(Beginning of Task data)
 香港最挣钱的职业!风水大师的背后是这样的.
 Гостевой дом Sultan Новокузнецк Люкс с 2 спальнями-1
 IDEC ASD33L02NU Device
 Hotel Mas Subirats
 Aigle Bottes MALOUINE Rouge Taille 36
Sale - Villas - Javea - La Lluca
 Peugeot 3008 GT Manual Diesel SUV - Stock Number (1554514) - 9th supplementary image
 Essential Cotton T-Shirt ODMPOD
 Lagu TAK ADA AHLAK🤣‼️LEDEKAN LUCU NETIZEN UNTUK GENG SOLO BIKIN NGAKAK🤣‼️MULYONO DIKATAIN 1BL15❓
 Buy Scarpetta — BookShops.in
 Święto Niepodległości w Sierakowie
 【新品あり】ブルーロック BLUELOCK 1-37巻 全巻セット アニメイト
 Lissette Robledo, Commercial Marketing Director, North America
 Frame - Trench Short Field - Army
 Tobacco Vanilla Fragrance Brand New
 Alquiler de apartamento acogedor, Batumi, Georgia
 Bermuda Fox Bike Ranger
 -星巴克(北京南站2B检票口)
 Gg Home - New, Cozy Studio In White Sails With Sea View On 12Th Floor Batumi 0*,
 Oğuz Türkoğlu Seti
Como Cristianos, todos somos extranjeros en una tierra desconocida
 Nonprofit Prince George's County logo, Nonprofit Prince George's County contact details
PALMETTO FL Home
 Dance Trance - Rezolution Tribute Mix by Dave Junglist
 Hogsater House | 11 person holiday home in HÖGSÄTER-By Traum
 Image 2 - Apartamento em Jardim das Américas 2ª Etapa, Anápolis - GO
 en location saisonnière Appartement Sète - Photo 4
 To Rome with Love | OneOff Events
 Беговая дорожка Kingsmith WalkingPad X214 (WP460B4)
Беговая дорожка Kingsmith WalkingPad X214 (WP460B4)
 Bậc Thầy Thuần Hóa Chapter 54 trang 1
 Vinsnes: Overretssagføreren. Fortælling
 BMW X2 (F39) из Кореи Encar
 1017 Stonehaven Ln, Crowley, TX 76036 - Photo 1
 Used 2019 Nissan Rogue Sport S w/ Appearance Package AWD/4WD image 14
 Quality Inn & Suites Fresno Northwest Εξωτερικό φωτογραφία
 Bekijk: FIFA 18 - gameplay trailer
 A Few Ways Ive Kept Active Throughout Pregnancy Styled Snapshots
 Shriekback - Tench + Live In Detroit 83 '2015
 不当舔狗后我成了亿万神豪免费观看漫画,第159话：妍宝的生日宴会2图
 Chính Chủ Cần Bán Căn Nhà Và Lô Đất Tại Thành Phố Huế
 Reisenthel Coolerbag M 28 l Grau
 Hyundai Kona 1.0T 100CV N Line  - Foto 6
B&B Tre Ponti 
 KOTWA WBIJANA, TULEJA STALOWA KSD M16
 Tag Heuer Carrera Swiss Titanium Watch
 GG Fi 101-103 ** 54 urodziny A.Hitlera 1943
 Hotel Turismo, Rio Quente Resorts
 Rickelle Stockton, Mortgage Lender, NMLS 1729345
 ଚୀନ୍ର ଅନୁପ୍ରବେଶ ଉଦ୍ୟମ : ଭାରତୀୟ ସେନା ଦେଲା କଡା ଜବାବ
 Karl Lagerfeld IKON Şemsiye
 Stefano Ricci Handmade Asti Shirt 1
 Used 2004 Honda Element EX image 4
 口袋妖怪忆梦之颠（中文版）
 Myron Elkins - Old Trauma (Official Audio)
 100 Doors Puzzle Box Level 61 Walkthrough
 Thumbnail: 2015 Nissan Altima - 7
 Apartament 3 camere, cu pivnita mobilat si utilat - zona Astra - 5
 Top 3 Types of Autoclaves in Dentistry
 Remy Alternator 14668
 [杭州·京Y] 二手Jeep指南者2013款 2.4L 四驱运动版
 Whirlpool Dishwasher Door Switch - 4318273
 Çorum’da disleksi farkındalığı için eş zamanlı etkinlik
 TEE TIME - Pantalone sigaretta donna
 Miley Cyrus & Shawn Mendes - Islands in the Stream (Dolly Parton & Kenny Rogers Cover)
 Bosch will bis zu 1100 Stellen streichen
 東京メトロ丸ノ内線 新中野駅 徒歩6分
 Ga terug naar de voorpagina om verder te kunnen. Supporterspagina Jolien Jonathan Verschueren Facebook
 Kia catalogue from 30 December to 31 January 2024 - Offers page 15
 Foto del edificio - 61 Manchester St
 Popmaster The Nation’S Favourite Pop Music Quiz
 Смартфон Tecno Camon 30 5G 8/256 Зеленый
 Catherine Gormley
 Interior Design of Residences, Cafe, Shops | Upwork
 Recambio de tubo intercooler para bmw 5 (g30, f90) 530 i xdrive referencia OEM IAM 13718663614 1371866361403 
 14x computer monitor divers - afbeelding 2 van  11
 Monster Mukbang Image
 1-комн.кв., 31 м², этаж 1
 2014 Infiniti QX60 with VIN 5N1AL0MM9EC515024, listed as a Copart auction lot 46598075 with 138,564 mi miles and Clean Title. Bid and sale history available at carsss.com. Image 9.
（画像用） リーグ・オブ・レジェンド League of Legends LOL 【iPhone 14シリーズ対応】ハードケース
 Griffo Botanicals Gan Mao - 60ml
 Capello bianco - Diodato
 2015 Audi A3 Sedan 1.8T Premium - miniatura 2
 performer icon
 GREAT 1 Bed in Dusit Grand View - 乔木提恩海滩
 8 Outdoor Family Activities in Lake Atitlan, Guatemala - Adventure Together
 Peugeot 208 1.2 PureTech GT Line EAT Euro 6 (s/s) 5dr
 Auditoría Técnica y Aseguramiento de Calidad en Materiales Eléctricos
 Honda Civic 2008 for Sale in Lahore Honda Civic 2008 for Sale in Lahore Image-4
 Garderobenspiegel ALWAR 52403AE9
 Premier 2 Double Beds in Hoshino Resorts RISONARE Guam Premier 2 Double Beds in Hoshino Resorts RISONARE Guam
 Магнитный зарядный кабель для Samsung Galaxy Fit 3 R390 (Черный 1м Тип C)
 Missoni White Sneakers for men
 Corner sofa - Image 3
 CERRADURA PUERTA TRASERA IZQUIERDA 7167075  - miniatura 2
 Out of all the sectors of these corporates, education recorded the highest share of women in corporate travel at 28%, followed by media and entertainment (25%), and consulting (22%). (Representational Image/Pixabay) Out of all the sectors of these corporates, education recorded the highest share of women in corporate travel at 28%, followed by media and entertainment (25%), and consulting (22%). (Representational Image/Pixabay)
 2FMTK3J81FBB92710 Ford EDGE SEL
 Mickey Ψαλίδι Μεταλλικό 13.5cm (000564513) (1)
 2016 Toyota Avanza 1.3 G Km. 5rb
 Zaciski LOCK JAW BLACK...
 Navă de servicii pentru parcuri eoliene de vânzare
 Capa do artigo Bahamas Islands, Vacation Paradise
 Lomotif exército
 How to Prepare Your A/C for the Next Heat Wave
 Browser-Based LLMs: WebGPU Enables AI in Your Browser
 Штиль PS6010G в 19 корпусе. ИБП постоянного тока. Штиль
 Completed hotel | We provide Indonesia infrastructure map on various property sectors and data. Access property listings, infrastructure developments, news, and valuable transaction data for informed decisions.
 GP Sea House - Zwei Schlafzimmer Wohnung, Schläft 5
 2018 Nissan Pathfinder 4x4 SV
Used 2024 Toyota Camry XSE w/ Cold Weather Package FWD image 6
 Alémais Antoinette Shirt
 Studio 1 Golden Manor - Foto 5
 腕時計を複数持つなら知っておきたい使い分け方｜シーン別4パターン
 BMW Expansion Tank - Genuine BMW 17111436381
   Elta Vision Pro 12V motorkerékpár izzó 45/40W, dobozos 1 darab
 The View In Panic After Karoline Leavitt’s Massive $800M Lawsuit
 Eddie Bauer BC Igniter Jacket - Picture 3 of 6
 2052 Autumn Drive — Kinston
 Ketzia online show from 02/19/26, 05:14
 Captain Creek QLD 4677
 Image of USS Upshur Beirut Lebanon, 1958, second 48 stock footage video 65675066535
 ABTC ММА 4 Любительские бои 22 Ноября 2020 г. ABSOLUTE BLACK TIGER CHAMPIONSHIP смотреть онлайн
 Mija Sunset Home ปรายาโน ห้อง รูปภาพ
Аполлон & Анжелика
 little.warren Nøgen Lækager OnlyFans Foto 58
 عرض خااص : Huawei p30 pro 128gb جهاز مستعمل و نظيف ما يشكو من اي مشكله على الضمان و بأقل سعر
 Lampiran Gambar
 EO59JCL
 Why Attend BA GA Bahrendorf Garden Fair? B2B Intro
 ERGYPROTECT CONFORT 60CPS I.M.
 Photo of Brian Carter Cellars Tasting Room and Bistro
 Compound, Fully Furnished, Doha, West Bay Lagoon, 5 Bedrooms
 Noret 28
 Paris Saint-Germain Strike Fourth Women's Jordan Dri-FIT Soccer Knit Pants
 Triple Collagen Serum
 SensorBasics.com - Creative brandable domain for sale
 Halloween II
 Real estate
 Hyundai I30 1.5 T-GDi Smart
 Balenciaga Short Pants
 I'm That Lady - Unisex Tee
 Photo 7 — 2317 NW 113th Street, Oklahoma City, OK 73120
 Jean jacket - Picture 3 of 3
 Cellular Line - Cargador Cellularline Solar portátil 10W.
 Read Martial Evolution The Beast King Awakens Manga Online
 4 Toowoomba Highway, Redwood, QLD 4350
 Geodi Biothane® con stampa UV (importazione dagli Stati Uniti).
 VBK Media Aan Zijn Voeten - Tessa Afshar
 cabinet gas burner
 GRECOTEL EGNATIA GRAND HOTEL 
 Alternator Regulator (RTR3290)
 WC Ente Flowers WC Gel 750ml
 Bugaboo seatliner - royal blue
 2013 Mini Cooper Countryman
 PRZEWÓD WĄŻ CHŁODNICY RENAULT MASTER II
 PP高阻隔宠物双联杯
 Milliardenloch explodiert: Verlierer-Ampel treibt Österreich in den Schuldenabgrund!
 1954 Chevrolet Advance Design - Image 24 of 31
(End of Task data)
### Task prompt:
Copy the entries above exactly, but only from the line holding "Miley Cyrus &" through the line holding "1-комн.кв., 31 м², этаж 1", both included.

### Exercise output:
 Miley Cyrus & Shawn Mendes - Islands in the Stream (Dolly Parton & Kenny Rogers Cover)
 Bosch will bis zu 1100 Stellen streichen
 東京メトロ丸ノ内線 新中野駅 徒歩6分
 Ga terug naar de voorpagina om verder te kunnen. Supporterspagina Jolien Jonathan Verschueren Facebook
 Kia catalogue from 30 December to 31 January 2024 - Offers page 15
 Foto del edificio - 61 Manchester St
 Popmaster The Nation’S Favourite Pop Music Quiz
 Смартфон Tecno Camon 30 5G 8/256 Зеленый
 Catherine Gormley
 Interior Design of Residences, Cafe, Shops | Upwork
 Recambio de tubo intercooler para bmw 5 (g30, f90) 530 i xdrive referencia OEM IAM 13718663614 1371866361403 
 14x computer monitor divers - afbeelding 2 van  11
 Monster Mukbang Image
 1-комн.кв., 31 м², этаж 1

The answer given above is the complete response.